What is needed is an exact copy of the lines in the listing below, from the one with "days after Iran" up to and including the one with "Gerês, Paisagens, Rio, Pousada", with no other lines.

_RECORDS PROVIDED_.
-- Opening Marker --

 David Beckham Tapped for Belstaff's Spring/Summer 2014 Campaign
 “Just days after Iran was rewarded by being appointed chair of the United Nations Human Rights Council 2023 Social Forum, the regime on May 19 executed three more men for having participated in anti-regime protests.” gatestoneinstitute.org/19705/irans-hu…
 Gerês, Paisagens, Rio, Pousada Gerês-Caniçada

-- Closing Marker --
-- Opening Marker --

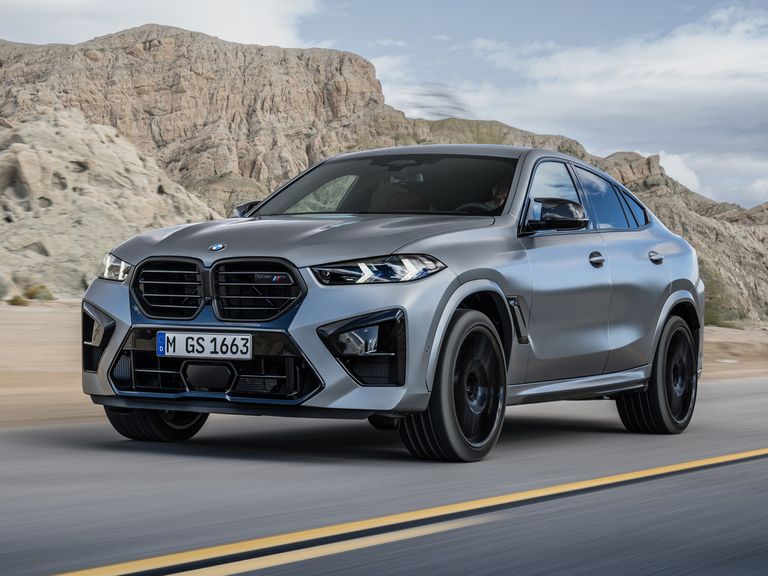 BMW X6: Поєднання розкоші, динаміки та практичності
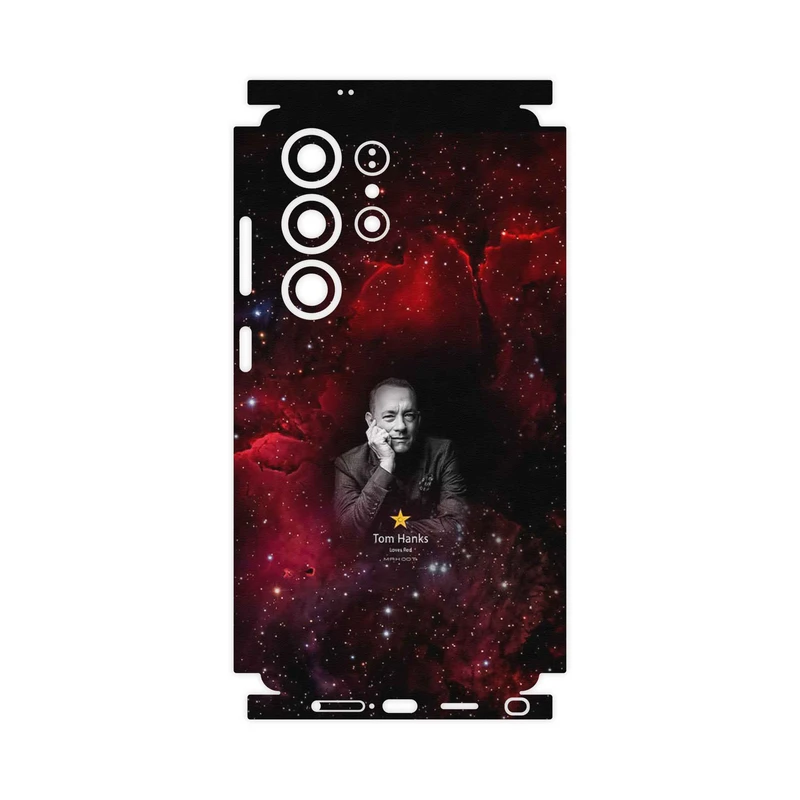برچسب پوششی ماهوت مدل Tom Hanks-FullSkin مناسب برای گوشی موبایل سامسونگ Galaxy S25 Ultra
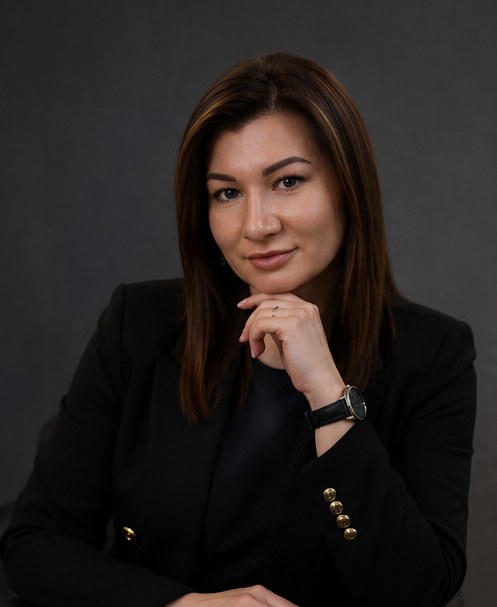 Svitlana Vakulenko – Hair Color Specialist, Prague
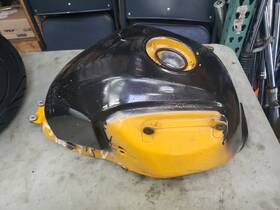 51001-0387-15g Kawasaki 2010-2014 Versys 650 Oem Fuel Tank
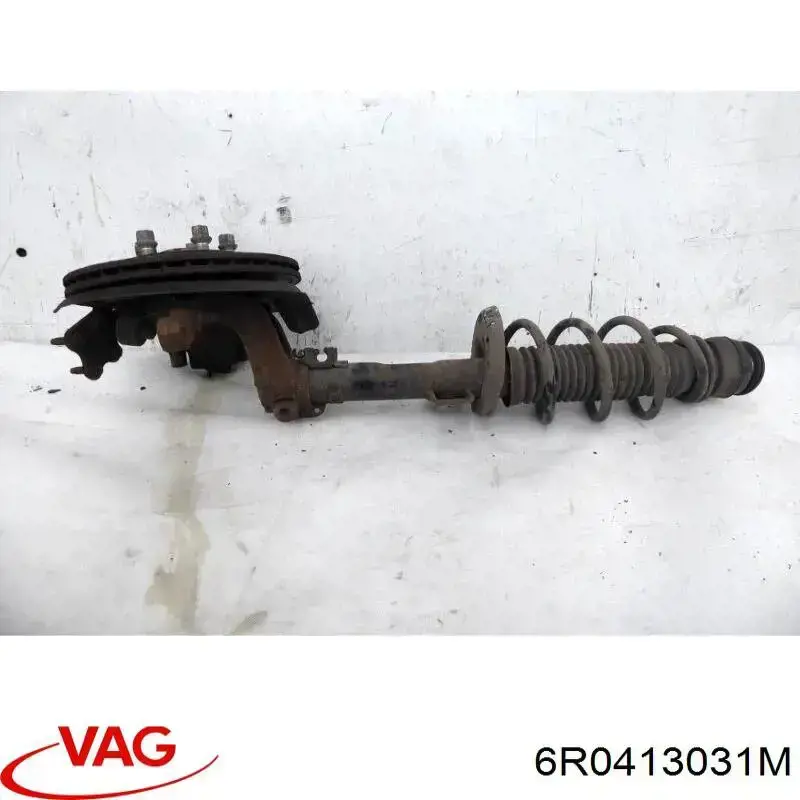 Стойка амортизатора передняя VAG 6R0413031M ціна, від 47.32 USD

-- Closing Marker --
-- Opening Marker --

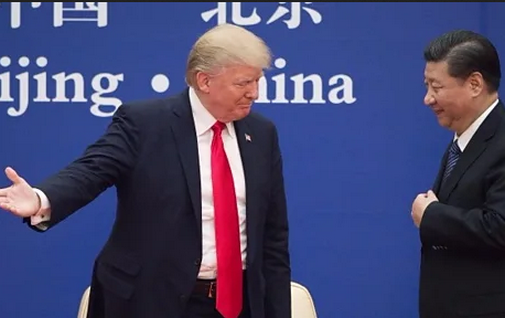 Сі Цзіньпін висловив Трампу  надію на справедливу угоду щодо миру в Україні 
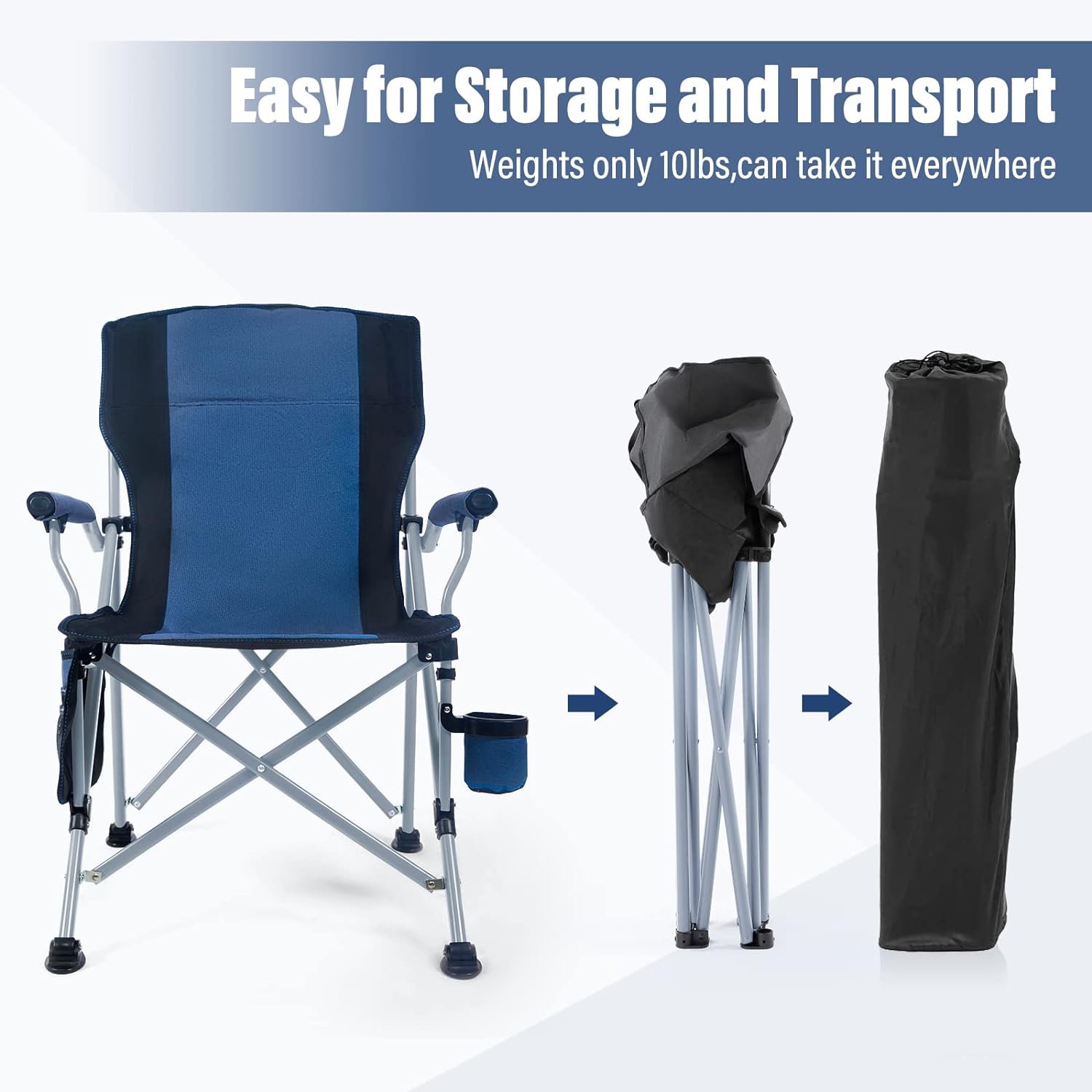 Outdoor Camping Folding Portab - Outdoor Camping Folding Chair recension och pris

-- Closing Marker --

_EXERCISE ANSWER_.
 “Just days after Iran was rewarded by being appointed chair of the United Nations Human Rights Council 2023 Social Forum, the regime on May 19 executed three more men for having participated in anti-regime protests.” gatestoneinstitute.org/19705/irans-hu…
 Gerês, Paisagens, Rio, Pousada Gerês-Caniçada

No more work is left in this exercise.